Closed hsb1995 closed 3 months ago
I ignored the dataset thing for the above question and proceeded directly to run the following steps. But I only have two 3090s, changed all the parameters and still the memory is overflowing. Is there nothing you can do on your end?
deepspeed --num_gpus 2 --master_port=9901 train_bash.py \ --deepspeed "$SCRIPT_DIR/ds_config.json" \ --stage kd \ --kd_alpha 1.0 \ --kd_beta 1 \ --kd_loss_scale 0.01 \ --cutoff_len 1024 \ --model_name_or_path $STUDENT_MODEL_START_PATH \ --teacher_model_name_or_path $TEACHER_MODEL_PATH \ --do_train \ --dataset $DATASET \ --dataset_dir $SCRIPT_DIR/../data \ --template vanilla \ --finetuning_type full \ --output_dir $STUDENT_MODEL_PATH \ --per_device_train_batch_size 1 \ --gradient_accumulation_steps 16 \ --lr_scheduler_type cosine --warmup_steps 500 \ --adam_beta1 0.9 --adam_beta2 0.98 --weight_decay 0.01 \ --logging_steps 1 \ --save_steps 5000 \ --learning_rate 1e-4 \ --num_train_epochs 50.0 \ --plot_loss \ --fp16
Hi! Thanks for your attention. I regret to face the GPU resource bottleneck from your environment. :-( But for data, they (data from my online-disk) have been generated from my work and released in my online-disk, and you can directly use them to reproduce our experiments. You need not to generate them again. I hope my reply can help you. Best wishes! :-)

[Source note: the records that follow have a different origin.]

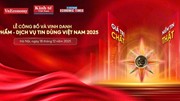 18/12/2025: Chương trình Tin Dùng Việt Nam 2025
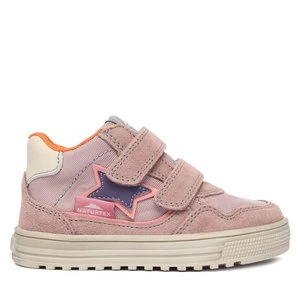 Obrázek produktu Sneakersy Naturino Hess 3 Vl Wp. 2018595-02-3M31 M Růžová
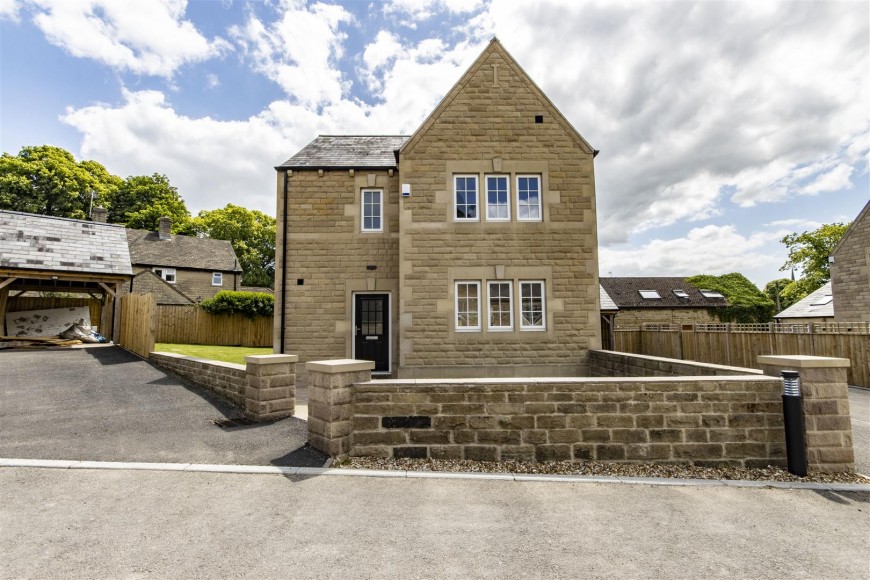 Lime Grove, Ashover, Chesterfield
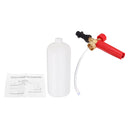 K2 K3 K4 MT 1L Pressure Washer Snow Foam Car Wash Bottle Lance Fit for Karcher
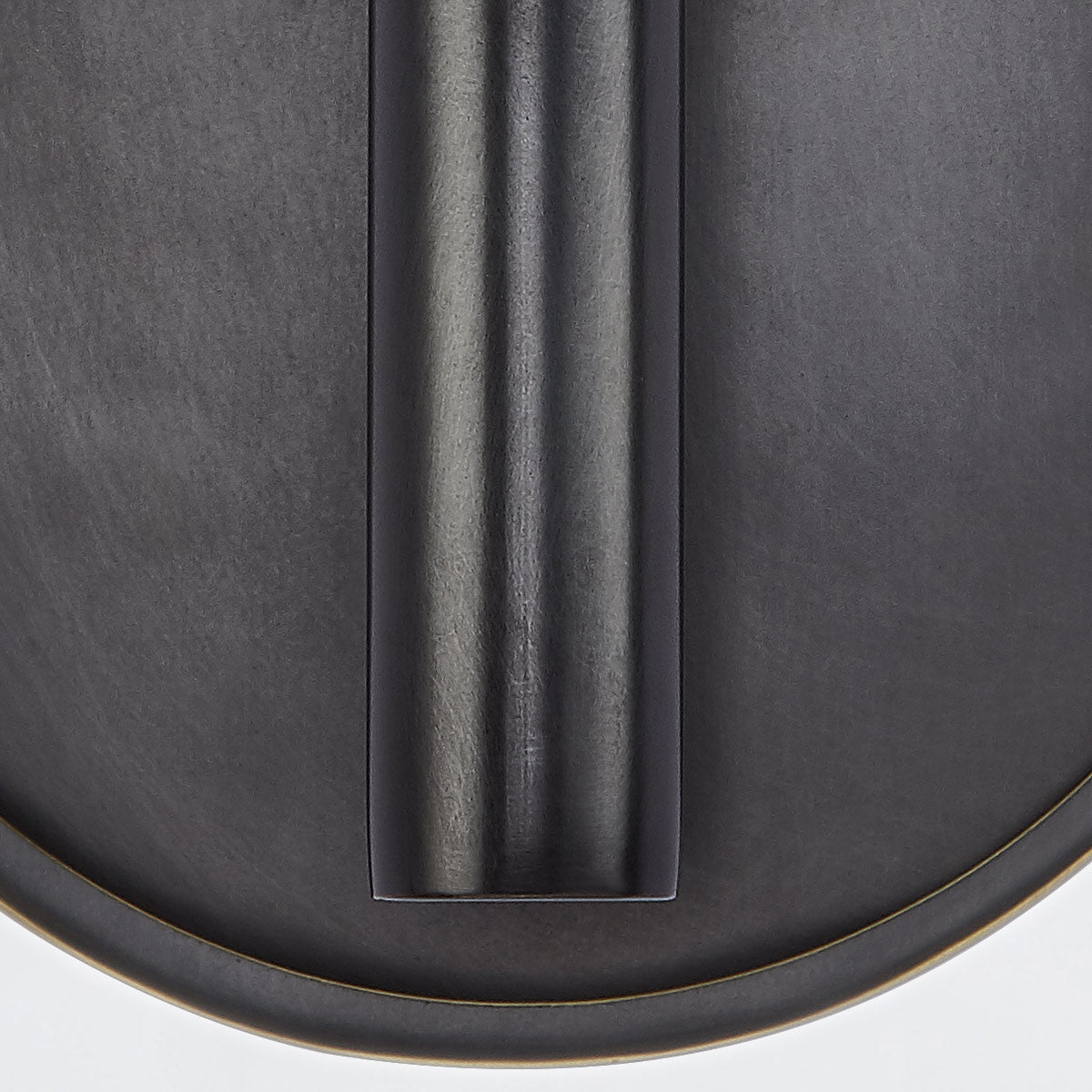 Kinkiet Lucian - 1 źródło światła - Miejski brąz, Alora - ePlafoniera.pl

Your work is great and I have been following your progress regarding model compression. I am reproducing your work and have the following problem with data issues:
How does this data work, I finished downloading all_gen_132k.json as you said, but then you said generate data. I went to run generate_data again and it didn't run through, so I wanted to get your advice on how you use this data issue?